Short web captions
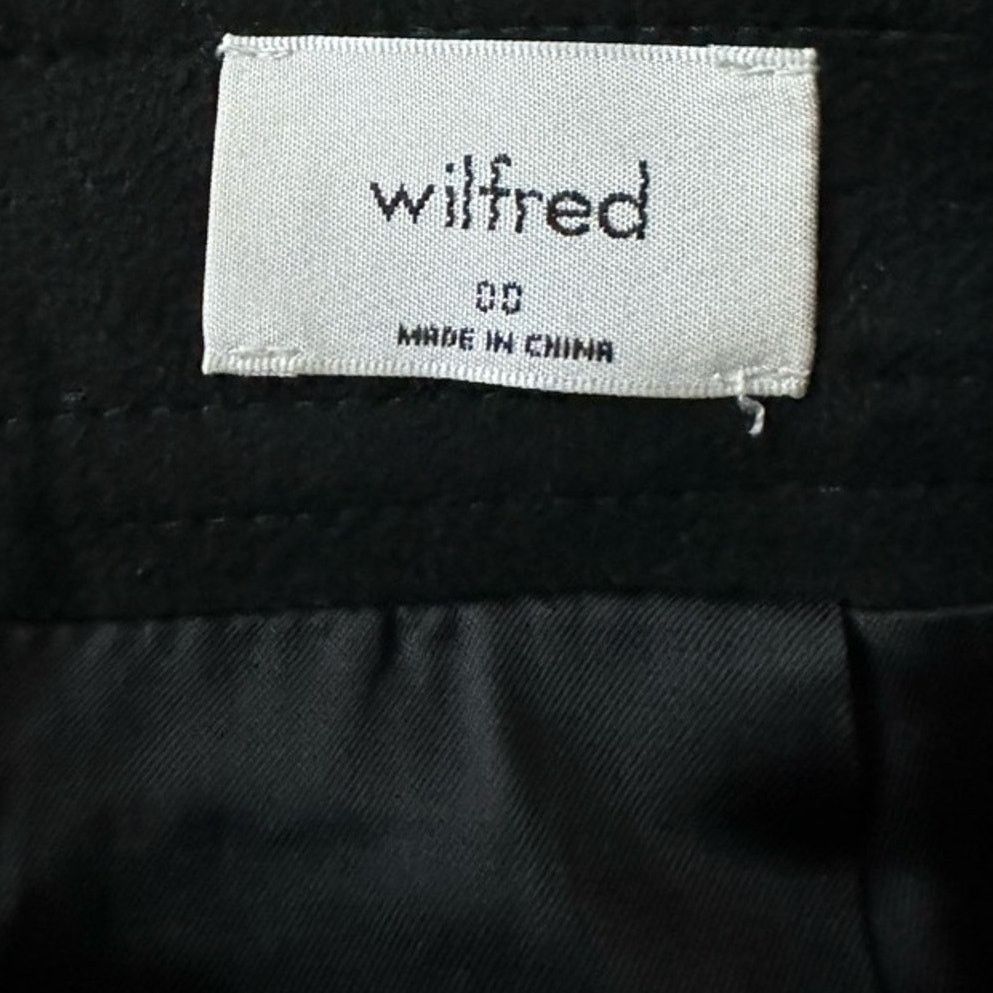 Aritzia Aritzia Wilfred Faux Leather Black Crinkle Skirt Size 24" / US 00 / IT 34 - 3 Thumbnail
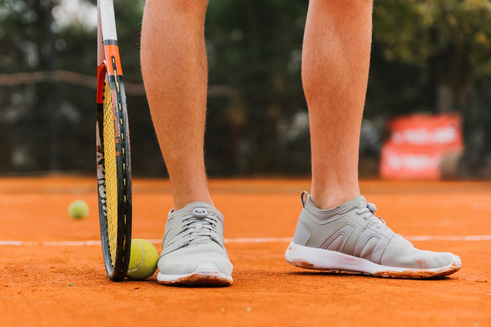 Tenis Ayakkabısı Nasıl Olmalı?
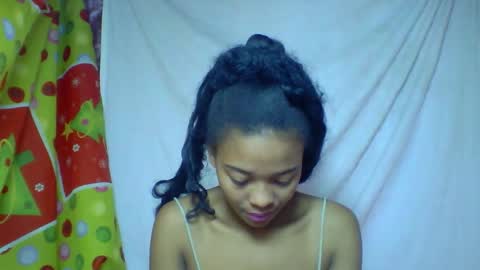 Snapshot of alicia9794 chatting on May 16, 10:47 am alicia9794 online show from May 16, 10:47 am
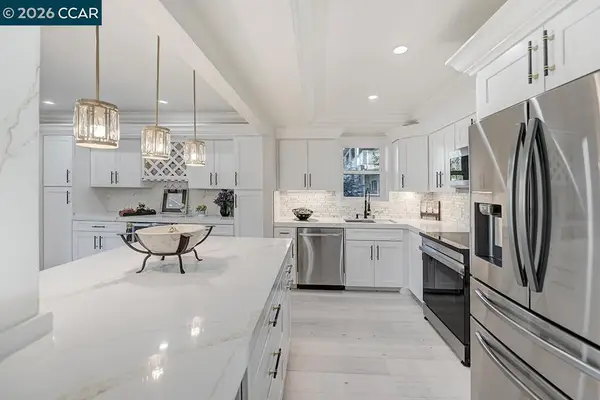 2601 Pine Knoll Dr #16, Walnut Creek, CA 94595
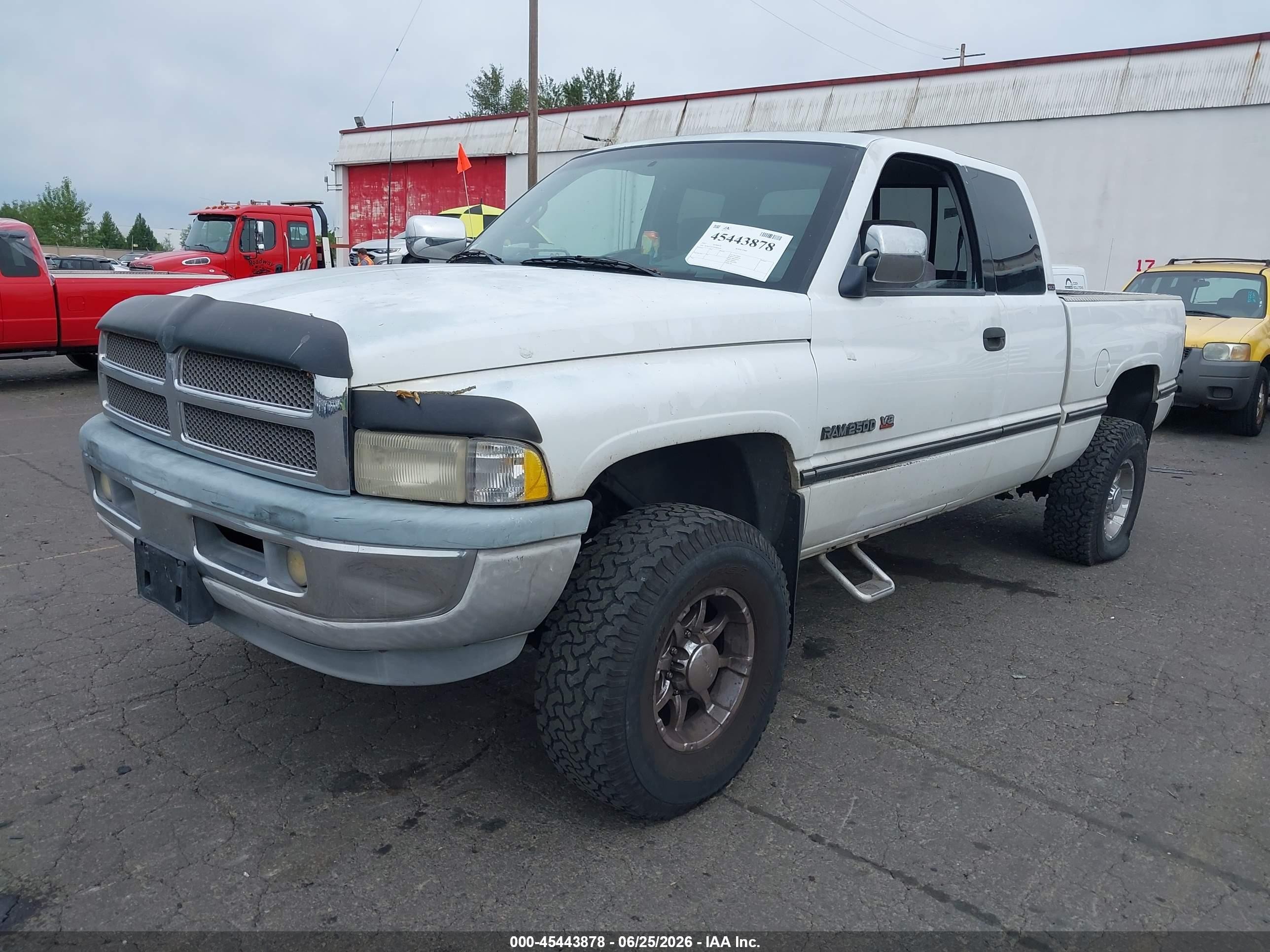 1997 Dodge Ram 2500 St White vin: 3B7KF23ZXVG824409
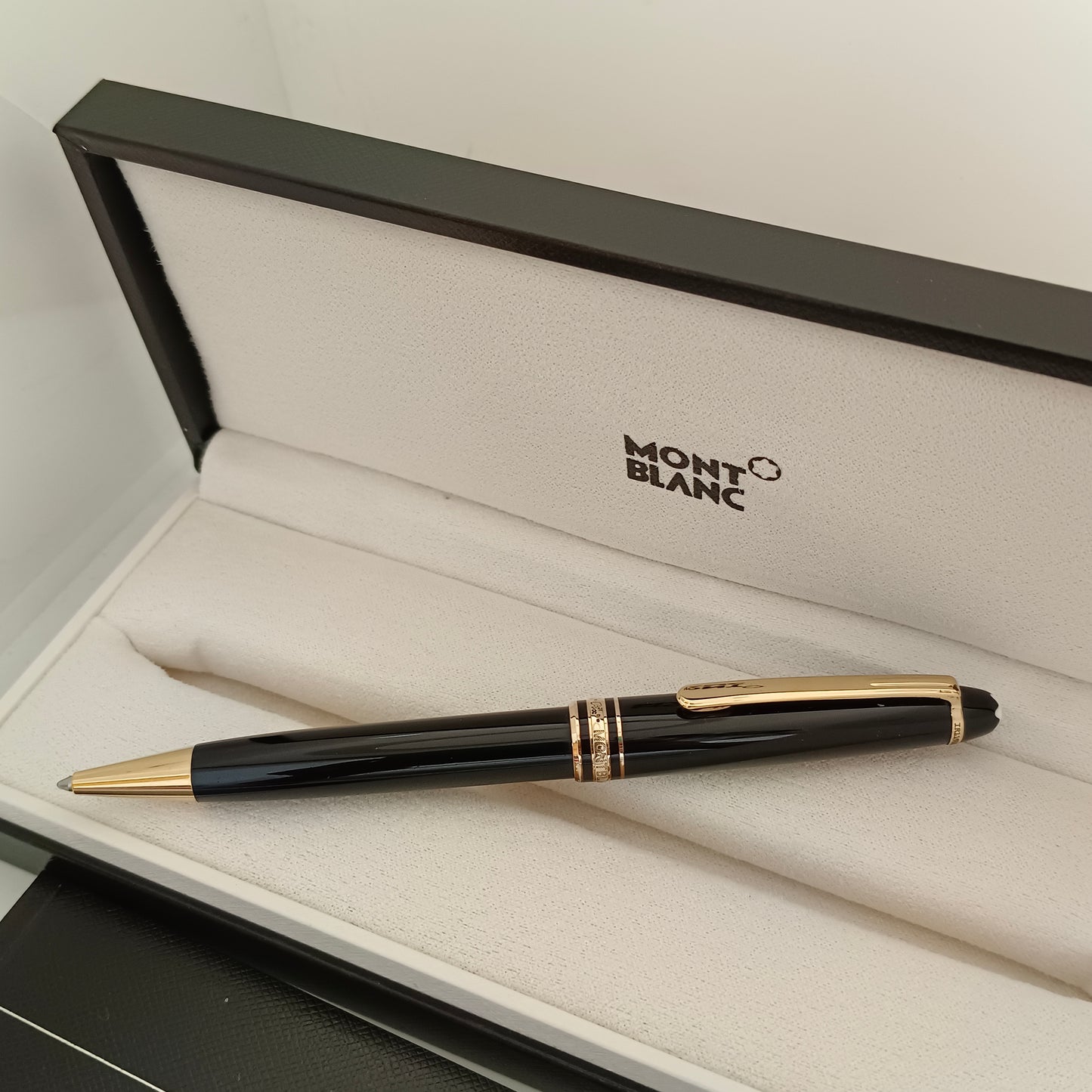 Montblanc Meisterstuck Classique Ballpoint Pen - Black With Gold Trims
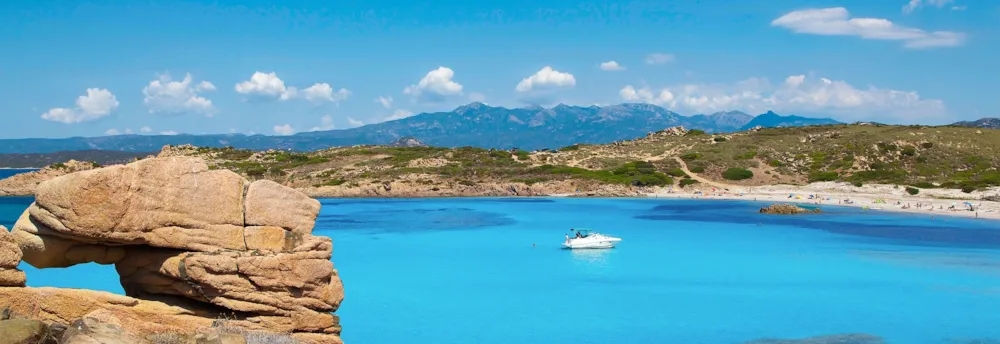 ONTDEK NATURISTEN STRANDEN IN VERDO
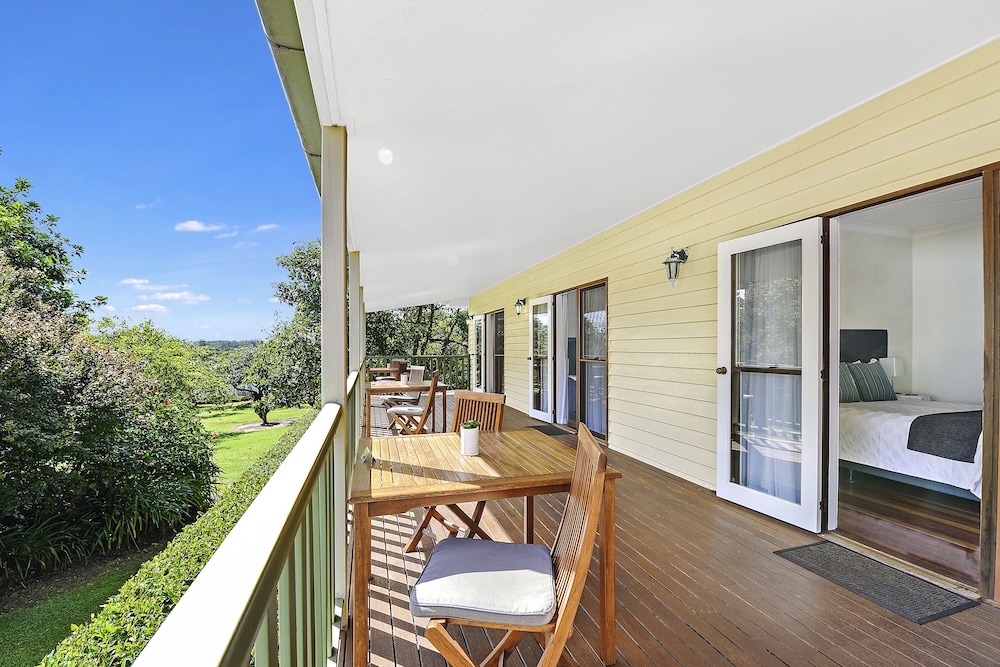 Camelot Boutique Accommodations 4/54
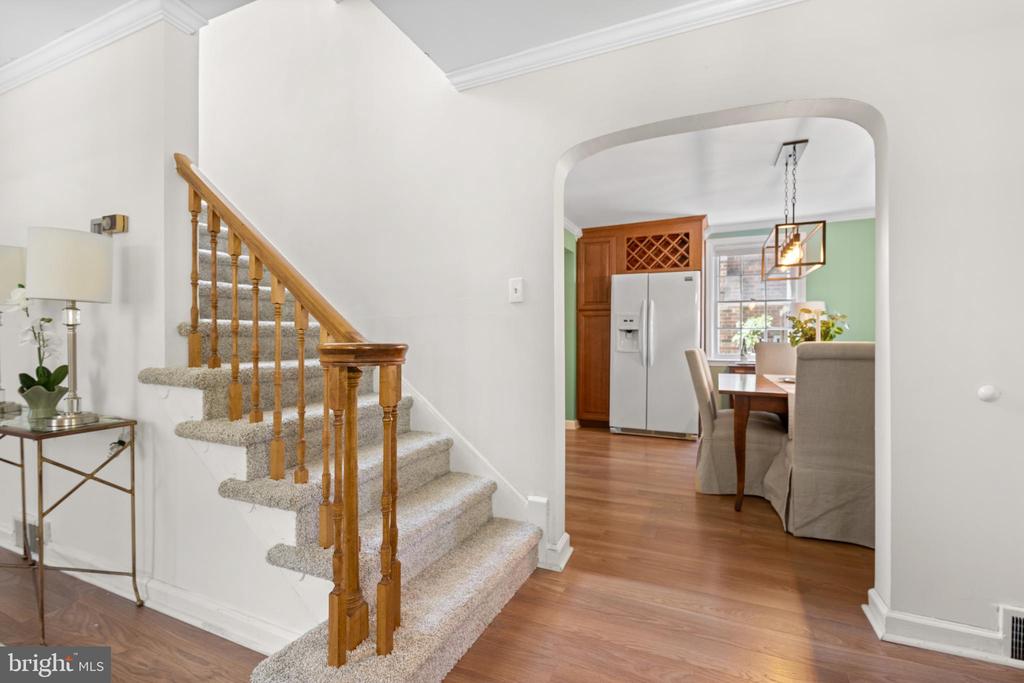 77 FOREST ROAD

**YOUR INSTRUCTIONS**
All that is wanted is an exact copy of the lines from the line bearing "Snapshot of alicia9794" through the final line of the entries, including both ends but no pictures.

**EXERCISE OUTPUT**
 Snapshot of alicia9794 chatting on May 16, 10:47 am alicia9794 online show from May 16, 10:47 am
 2601 Pine Knoll Dr #16, Walnut Creek, CA 94595
 1997 Dodge Ram 2500 St White vin: 3B7KF23ZXVG824409
 Montblanc Meisterstuck Classique Ballpoint Pen - Black With Gold Trims
 ONTDEK NATURISTEN STRANDEN IN VERDO
 Camelot Boutique Accommodations 4/54
 77 FOREST ROAD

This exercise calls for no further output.